• **TASK DIRECTIONS**
Return each entry exactly, with none missing.

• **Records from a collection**
- - -

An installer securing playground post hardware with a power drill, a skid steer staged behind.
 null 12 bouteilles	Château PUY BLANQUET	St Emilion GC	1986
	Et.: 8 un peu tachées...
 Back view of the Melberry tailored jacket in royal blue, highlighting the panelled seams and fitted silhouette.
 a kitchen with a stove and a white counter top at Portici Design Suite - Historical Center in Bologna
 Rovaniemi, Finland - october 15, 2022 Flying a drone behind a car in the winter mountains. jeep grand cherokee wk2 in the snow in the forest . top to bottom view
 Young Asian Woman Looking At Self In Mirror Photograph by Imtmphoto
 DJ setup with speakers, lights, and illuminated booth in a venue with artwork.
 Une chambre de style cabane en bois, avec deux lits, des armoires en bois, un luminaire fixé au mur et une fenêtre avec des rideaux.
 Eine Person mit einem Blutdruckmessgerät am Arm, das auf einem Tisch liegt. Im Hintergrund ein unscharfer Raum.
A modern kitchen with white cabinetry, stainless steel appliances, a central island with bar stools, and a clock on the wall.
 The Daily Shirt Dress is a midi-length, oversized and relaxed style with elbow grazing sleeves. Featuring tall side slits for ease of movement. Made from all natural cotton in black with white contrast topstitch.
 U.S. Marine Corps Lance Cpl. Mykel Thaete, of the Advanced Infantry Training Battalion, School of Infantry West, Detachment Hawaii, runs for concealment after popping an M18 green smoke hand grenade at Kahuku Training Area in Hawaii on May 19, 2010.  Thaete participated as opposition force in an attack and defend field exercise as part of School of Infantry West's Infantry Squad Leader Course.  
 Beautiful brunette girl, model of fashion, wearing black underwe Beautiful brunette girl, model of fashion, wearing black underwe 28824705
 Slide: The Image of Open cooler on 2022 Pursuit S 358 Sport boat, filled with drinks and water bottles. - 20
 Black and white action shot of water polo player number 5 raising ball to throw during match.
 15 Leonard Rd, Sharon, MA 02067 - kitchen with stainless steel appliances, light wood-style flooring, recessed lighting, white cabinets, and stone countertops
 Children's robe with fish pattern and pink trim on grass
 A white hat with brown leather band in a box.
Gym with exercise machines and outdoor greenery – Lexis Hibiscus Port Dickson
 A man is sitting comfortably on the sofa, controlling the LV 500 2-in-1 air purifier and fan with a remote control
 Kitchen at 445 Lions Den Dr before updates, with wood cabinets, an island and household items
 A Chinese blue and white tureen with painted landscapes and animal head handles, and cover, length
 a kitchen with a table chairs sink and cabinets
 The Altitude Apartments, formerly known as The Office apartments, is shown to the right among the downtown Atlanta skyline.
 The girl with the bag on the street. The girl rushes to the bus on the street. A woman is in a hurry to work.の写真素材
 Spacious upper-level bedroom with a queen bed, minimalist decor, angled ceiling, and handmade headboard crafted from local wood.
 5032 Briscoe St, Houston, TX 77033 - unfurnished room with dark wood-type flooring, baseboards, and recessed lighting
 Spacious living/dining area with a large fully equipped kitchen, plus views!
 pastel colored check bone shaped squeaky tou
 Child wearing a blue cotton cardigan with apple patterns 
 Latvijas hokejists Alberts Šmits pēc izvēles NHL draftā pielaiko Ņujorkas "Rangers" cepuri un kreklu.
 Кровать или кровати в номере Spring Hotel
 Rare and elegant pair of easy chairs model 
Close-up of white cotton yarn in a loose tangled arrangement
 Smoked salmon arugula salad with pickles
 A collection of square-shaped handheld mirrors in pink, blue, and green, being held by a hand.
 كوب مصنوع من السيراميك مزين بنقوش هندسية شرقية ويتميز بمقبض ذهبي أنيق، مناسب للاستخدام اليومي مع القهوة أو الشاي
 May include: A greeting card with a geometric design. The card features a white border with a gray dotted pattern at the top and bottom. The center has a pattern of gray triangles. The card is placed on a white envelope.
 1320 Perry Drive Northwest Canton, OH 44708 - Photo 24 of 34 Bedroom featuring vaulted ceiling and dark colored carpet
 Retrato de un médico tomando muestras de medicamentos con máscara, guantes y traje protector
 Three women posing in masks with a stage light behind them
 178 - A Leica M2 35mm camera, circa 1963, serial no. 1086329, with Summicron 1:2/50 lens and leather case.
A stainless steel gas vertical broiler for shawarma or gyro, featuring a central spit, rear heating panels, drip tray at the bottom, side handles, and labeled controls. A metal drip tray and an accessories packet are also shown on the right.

- - -

• **OUTPUT**
An installer securing playground post hardware with a power drill, a skid steer staged behind.
 null 12 bouteilles	Château PUY BLANQUET	St Emilion GC	1986
	Et.: 8 un peu tachées...
 Back view of the Melberry tailored jacket in royal blue, highlighting the panelled seams and fitted silhouette.
 a kitchen with a stove and a white counter top at Portici Design Suite - Historical Center in Bologna
 Rovaniemi, Finland - october 15, 2022 Flying a drone behind a car in the winter mountains. jeep grand cherokee wk2 in the snow in the forest . top to bottom view
 Young Asian Woman Looking At Self In Mirror Photograph by Imtmphoto
 DJ setup with speakers, lights, and illuminated booth in a venue with artwork.
 Une chambre de style cabane en bois, avec deux lits, des armoires en bois, un luminaire fixé au mur et une fenêtre avec des rideaux.
 Eine Person mit einem Blutdruckmessgerät am Arm, das auf einem Tisch liegt. Im Hintergrund ein unscharfer Raum.
A modern kitchen with white cabinetry, stainless steel appliances, a central island with bar stools, and a clock on the wall.
 The Daily Shirt Dress is a midi-length, oversized and relaxed style with elbow grazing sleeves. Featuring tall side slits for ease of movement. Made from all natural cotton in black with white contrast topstitch.
 U.S. Marine Corps Lance Cpl. Mykel Thaete, of the Advanced Infantry Training Battalion, School of Infantry West, Detachment Hawaii, runs for concealment after popping an M18 green smoke hand grenade at Kahuku Training Area in Hawaii on May 19, 2010.  Thaete participated as opposition force in an attack and defend field exercise as part of School of Infantry West's Infantry Squad Leader Course.  
 Beautiful brunette girl, model of fashion, wearing black underwe Beautiful brunette girl, model of fashion, wearing black underwe 28824705
 Slide: The Image of Open cooler on 2022 Pursuit S 358 Sport boat, filled with drinks and water bottles. - 20
 Black and white action shot of water polo player number 5 raising ball to throw during match.
 15 Leonard Rd, Sharon, MA 02067 - kitchen with stainless steel appliances, light wood-style flooring, recessed lighting, white cabinets, and stone countertops
 Children's robe with fish pattern and pink trim on grass
 A white hat with brown leather band in a box.
Gym with exercise machines and outdoor greenery – Lexis Hibiscus Port Dickson
 A man is sitting comfortably on the sofa, controlling the LV 500 2-in-1 air purifier and fan with a remote control
 Kitchen at 445 Lions Den Dr before updates, with wood cabinets, an island and household items
 A Chinese blue and white tureen with painted landscapes and animal head handles, and cover, length
 a kitchen with a table chairs sink and cabinets
 The Altitude Apartments, formerly known as The Office apartments, is shown to the right among the downtown Atlanta skyline.
 The girl with the bag on the street. The girl rushes to the bus on the street. A woman is in a hurry to work.の写真素材
 Spacious upper-level bedroom with a queen bed, minimalist decor, angled ceiling, and handmade headboard crafted from local wood.
 5032 Briscoe St, Houston, TX 77033 - unfurnished room with dark wood-type flooring, baseboards, and recessed lighting
 Spacious living/dining area with a large fully equipped kitchen, plus views!
 pastel colored check bone shaped squeaky tou
 Child wearing a blue cotton cardigan with apple patterns 
 Latvijas hokejists Alberts Šmits pēc izvēles NHL draftā pielaiko Ņujorkas "Rangers" cepuri un kreklu.
 Кровать или кровати в номере Spring Hotel
 Rare and elegant pair of easy chairs model 
Close-up of white cotton yarn in a loose tangled arrangement
 Smoked salmon arugula salad with pickles
 A collection of square-shaped handheld mirrors in pink, blue, and green, being held by a hand.
 كوب مصنوع من السيراميك مزين بنقوش هندسية شرقية ويتميز بمقبض ذهبي أنيق، مناسب للاستخدام اليومي مع القهوة أو الشاي
 May include: A greeting card with a geometric design. The card features a white border with a gray dotted pattern at the top and bottom. The center has a pattern of gray triangles. The card is placed on a white envelope.
 1320 Perry Drive Northwest Canton, OH 44708 - Photo 24 of 34 Bedroom featuring vaulted ceiling and dark colored carpet
 Retrato de un médico tomando muestras de medicamentos con máscara, guantes y traje protector
 Three women posing in masks with a stage light behind them
 178 - A Leica M2 35mm camera, circa 1963, serial no. 1086329, with Summicron 1:2/50 lens and leather case.
A stainless steel gas vertical broiler for shawarma or gyro, featuring a central spit, rear heating panels, drip tray at the bottom, side handles, and labeled controls. A metal drip tray and an accessories packet are also shown on the right.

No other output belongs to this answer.